Mais bien loin de toute démarche artistique, les propriétaires du lieu, à l’inverse de leur discours séduisant d’ouverture, en revenaient très vite à leur cocon, à leur Cocoon, à leurs « chez eux », « chez lui », « chez soi » (il n’y a que chez soi que l’on se sent bien, c’est connu) ont mis le coup d’arrêt à ce spectacle qu’apparemment ils ne supportaient plus, malgré les nombreux professionnels et journalistes qui sont venus et en ont rendu compte, (on tient tous les articles à disposition), ils ont  décidé d’en finir et de nous expulser (« je fais ce que je veux je suis chez moi, ont tranché les propriétaires de la bulle de création, pratiquant ainsi une censure sourde et indirecte, un mépris comme un crachat au visage, sans aucun respect de l’autre, après tout on est chez nous, on a tous les droits, la propriété rien de plus sacré…).
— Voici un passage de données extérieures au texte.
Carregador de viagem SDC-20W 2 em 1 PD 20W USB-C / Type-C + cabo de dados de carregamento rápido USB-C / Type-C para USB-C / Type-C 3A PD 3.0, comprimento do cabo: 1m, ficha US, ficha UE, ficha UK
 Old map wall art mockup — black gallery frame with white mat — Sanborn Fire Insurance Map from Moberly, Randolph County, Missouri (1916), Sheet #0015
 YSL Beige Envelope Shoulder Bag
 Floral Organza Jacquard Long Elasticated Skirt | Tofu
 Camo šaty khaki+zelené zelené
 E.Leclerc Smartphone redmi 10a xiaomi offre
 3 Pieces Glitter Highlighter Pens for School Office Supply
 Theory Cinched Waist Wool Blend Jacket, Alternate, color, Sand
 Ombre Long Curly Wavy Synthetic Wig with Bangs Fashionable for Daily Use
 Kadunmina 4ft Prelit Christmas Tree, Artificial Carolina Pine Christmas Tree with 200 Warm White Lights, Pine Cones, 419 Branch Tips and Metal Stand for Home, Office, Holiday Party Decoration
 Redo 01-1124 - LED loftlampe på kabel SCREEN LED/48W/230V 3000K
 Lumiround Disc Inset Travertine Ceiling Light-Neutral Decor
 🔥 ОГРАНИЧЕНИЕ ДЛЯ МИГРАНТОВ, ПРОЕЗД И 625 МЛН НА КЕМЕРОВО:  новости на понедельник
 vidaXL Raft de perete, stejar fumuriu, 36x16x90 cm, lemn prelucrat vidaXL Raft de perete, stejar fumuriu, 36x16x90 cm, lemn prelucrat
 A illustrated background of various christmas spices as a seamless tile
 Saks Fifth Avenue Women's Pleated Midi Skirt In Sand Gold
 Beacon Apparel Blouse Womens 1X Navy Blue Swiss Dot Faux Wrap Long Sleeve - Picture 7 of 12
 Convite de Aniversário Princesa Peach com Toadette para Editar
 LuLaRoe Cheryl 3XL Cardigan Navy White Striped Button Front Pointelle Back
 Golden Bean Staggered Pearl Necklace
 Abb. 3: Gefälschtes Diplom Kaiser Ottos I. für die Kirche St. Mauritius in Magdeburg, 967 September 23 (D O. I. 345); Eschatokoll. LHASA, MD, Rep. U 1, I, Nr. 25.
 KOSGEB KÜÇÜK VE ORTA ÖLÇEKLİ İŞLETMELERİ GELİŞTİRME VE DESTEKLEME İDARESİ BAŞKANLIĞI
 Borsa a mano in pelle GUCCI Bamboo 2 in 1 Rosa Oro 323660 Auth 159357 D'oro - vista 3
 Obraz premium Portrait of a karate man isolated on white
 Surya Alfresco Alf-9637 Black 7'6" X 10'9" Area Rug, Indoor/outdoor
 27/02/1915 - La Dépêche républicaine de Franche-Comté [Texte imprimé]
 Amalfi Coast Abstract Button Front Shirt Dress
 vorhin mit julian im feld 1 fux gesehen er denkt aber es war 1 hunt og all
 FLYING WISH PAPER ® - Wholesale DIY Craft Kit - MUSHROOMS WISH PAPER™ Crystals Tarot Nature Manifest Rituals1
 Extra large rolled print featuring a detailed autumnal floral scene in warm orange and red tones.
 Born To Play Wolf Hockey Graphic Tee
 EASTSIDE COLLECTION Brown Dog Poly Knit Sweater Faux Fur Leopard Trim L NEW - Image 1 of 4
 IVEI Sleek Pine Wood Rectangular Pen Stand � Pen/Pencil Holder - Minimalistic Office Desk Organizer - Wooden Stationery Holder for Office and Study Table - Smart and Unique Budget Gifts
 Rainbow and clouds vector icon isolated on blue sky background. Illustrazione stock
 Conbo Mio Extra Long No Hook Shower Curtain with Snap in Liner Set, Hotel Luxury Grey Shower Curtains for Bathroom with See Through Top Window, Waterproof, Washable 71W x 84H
Quand on m’a annoncé la nouvelle, samedi soir, à l’issue de la représentation, demain c’est fini, vous ne jouez plus, je me suis étonné d’un tel arbitraire, et j’ai tenté de discuter : pas question de discuter, tu dégages, tu es chez moi, chez nous, insistant un peu, je me suis rendu compte que des sbires rassemblés au bar, commençant à m’insulter, du genre « va te laver les cheveux » (subtiles les insultes !) étaient prêts à me foutre joyeusement dehors, à me virer physiquement de la bulle de création… La violence de ces propriétaires est sans limites : par exemple la tenancière qui, est « dans l’art » et s’essaie à ses heures, à la dramaturgie et à la poésie, ironisait en fin de soirée sur notre régisseur en train de passer la serpillère à quatre pattes, « un homme de ton âge qui en est réduit à de telles besognes, ramasser la merde des comédiens », petite scène du quotidien, il y en a bien d’autres…
L’expulsion de la compagnie alors que toutes les représentations sont complètes, que de nombreux professionnels ont signalé leur présence aux prochaines représentations, alors que la compagnie a engagé des frais importants jusqu’à
la fin du festival, (voyages, logements, défraiements et autres frais), tout cela a pour conséquence concrète de nous placer dans une situation financière dramatique. (Aussi bien acteur, régisseur, administrateur, qu’auteur avec des représentations supprimés arbitrairement, donc absence de droits…).

Une perte importante pour la compagnie, avec toute une série de conséquences très graves, a la fois humaines et artistiques et économiquement une vraie catastrophe pour les gens engagés sur ce projet…

Nous sommes sidérés par la violence de cette décision unilatérale, décidée sans aucun dialogue, assortie de paroles fermées et sans retours. Cela reflète le comportement d’un certain nombre de lieux avignonnais qui bien loin de tout engagement ou démarche artistique ne voient dans tout cela, qu’un intérêt purement financier et économique, à l’unisson du business généralisé, de toute cette braderie limonadière et événementielle qui bien souvent n’a plus rien à voir avec l’art, le théâtre, la création, convoqués comme des mots fétiches totalement inhabités, désertés de tout sens… et brandis comme des épouvantails dérisoires de la misère du théâtre.